Machen Sie zuerst einen Testfit. Bevor Sie mit der Bearbeitung von Leder beginnen, machen Sie am besten einen Probehandschuh aus Baumwolle oder Musselin, um sicherzustellen, dass das Muster richtig ist. Verwenden Sie Garn in einer Kontrastfarbe, damit Sie leicht erkennen können, wo Sie nähen und wo Sie das Muster anpassen müssen. Wenn Sie den richtigen Schnitt haben, können Sie ohne Probestück beliebig viele Lederhandschuhe herstellen.
Stecken Sie das Muster auf die Rückseite des Leders und legen Sie die längste Seite jedes Zwickels auf Ihren Handrücken (wo kein Daumenloch ist). Nähen Sie mit einem intermittierenden Stich 3 mm vom Rand entfernt. Wenn Sie die Form Ihrer Finger anpassen müssen, tun Sie dies jetzt.
Jedes Teil des Daumenteils (rechts auf rechts) der Länge nach halbieren und nähen. Lassen Sie den Boden offen. Schneiden Sie die Ecke so zu, dass sie auf die rechte Seite wird. Drehen Sie das Daumenstück mit der rechten Seite nach oben.
Stecken Sie die Zehen an den Handschuh und richten Sie die Naht des Daumens mit der Naht des Zeigefingers aus. Probiere einen Handschuh an, um sicherzustellen, dass er passt. Passen Sie bei Bedarf an. Die „Flügel“ des Daumens müssen möglicherweise gekürzt werden, damit sie gut passen. Pin es erneut und probiere es an. Wenn alles in Ordnung ist, nähen Sie das Daumenstück an den Handschuh.
Nähen Sie die Seiten und säumen Sie die Unterseite der Handschuhe.
Zuerst müssen Sie die Art des Schadens verstehen. Wenn die Maschinenlinie sogar erheblich beschädigt ist, wird die Reparatur nicht viel Zeit in Anspruch nehmen. Wenn die Haut an den Manschetten, Fingern, Pfeilen (die Teile, die den Rücken und die Handfläche der Handschuhe verbinden) abgenutzt oder die Haut irgendwo eingerissen ist, wird die Reparatur schwieriger.
Verletzung der Maschine, die entlang der Kontur der Finger oder des Noppens (Daumen) näht, beispielsweise an der Stelle, an der sie mit der Handfläche der Handschuhe verbunden ist. Zuerst müssen Sie die gebrochenen Nähte vorsichtig mit einem Skalpell oder Rasiermesser öffnen (vorsichtig - schneiden Sie die Haut der Handschuhe nicht und verletzen Sie sich nicht!), Befreien Sie die Teile der Handschuhe vorsichtig mit einer Pinzette von den Enden der Fäden.
Warme Handschuhe werden bei der Reparatur auf besondere Weise umgestülpt.Bei Flanell- oder Flanellfutter müssen Sie dazu einen Teil der Seitennaht aufreißen, bei Strickwaren oder Pelz müssen Sie einen Teil des Futters abschneiden.
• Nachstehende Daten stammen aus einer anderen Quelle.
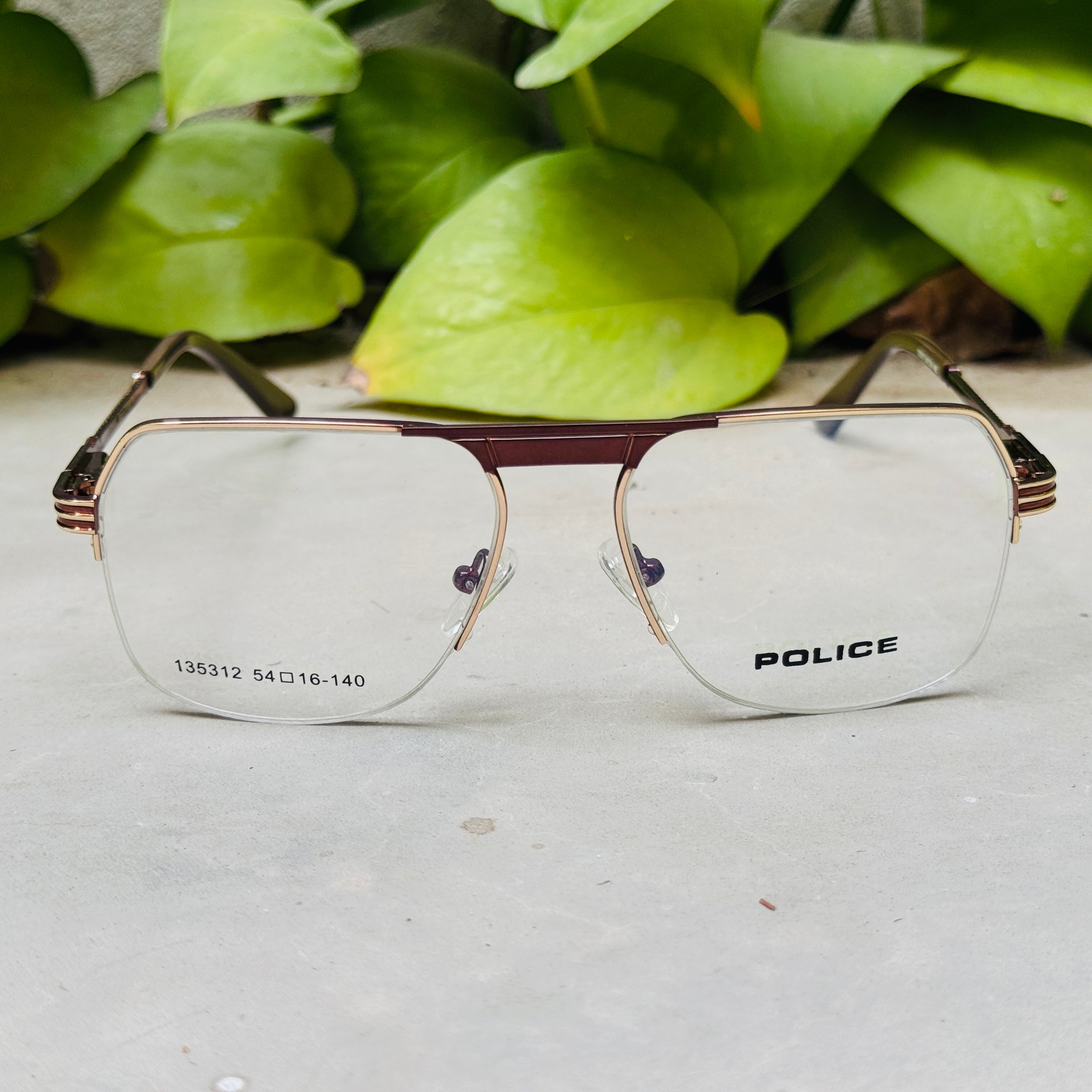 Police – 135312 – 54 – Golden Brown –  Metal - Optics – Unisex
In dem resultierenden Einschnitt müssen Sie die Lederoberseite des Handschuhs ziehen - es stellt sich heraus, dass sie von innen nach außen ist - und eine neue Naht anbringen. Bei Handschuhen mit warmem Futter, die ohne Pfeile hergestellt wurden, muss das Futter nicht geschnitten werden - sie reißen nur die alte Naht einen halben Zentimeter über und unter der beschädigten Stelle auf.
Handschuhe werden mit ausreichend starken Fäden neu vernäht, mit derselben Naht, mit der sie ursprünglich genäht wurden, und entlang der Linie alter Einstiche. Die Knoten müssen natürlich auf der Nahtseite versteckt werden und am Ende der Naht des Ledertops nicht vergessen, das Futter zu nähen, wenn es geschnitten wurde:
Bei Verletzung der Hautintegrität müssen Pflaster angebracht werden. Hier ist es sinnvoll, Fantasie zu zeigen und bei ausreichender Menge an geeignetem Material keine Flicken als solche, sondern dekorative Overlays anzufertigen – die gleiche Form auf beiden Handschuhen. Sie können auch die Finger bedecken und mit einer Überkopfnaht annähen. Die Farbe der Overlays kann unterschiedlich sein - die gleiche wie die der Handschuhe oder die gleiche Farbe, aber ein anderer Ton oder eine andere Farbe. Zum Beispiel passen Dunkelbraun, Gelb gut zu Hellbraun, Weiß und Grau zu Schwarz. Wenn das Leder, das Sie zur Reparatur gefunden haben, nur für ein Polster für einen Handschuh reicht, können Sie sich die Sache so vorstellen, als ob "es gemacht werden sollte" und einen Patch in Form einer kleinen Tasche mit einer Imitation eines Knopfes anfertigen - it ist praktisch, um darin Reisepässe, Tickets usw. zu speichern.
Beschädigungen an der Manschette können mit unterschiedlich breiten Riemen oder deren Imitationen kaschiert werden , Nachbildung von Handschuhknöpfen usw. e Wenn die Haut am Handschuhrücken stark beschädigt ist und kein Material für das Innenfutter vorhanden ist, lohnt es sich, symmetrische oder asymmetrische Schnitte zu machen - es wird sogar pikant. Die Kanten des Ausschnitts müssen gesäumt sein, der Verschluss kann in Form einer Schlaufe (Lederband) mit Knopf ausgeführt oder ein Gummizug eingelegt werden
Es ist gut, dreieckige Einsätze zu verwenden, um beschädigte Manschetten zu reparieren). Sie werden mit einer Übernaht von der Bakhtarmya-Seite (Naht) der Haut eingenäht.
Wenn der Handschuh verlängert werden muss, wird eine Stulpe in Form einer Stulpe daran befestigt. Die Verbindungsstelle ist mit einem aufgesetzten Riemen oder Ziernaht gut abgedeckt.
Allgemeine Anforderungen, die bei der Reparatur von Handschuhen zu beachten sind:
Der Stich sollte den alten Einstichen folgen, gleichmäßig und gut gespannt sein, ohne Stiche, ohne Schlingen und Knoten, ohne Unterbrechungen;
Der Dickenunterschied der ersetzten Lederteile des Oberteils, des Handschuhs selbst und der neu angenähten Patches und Overlays sollte 0,2 mm nicht überschreiten;
Patches und Onlays sollten mit einem Aufmaß von 8-10 mm den reparierten Stellen entsprechen.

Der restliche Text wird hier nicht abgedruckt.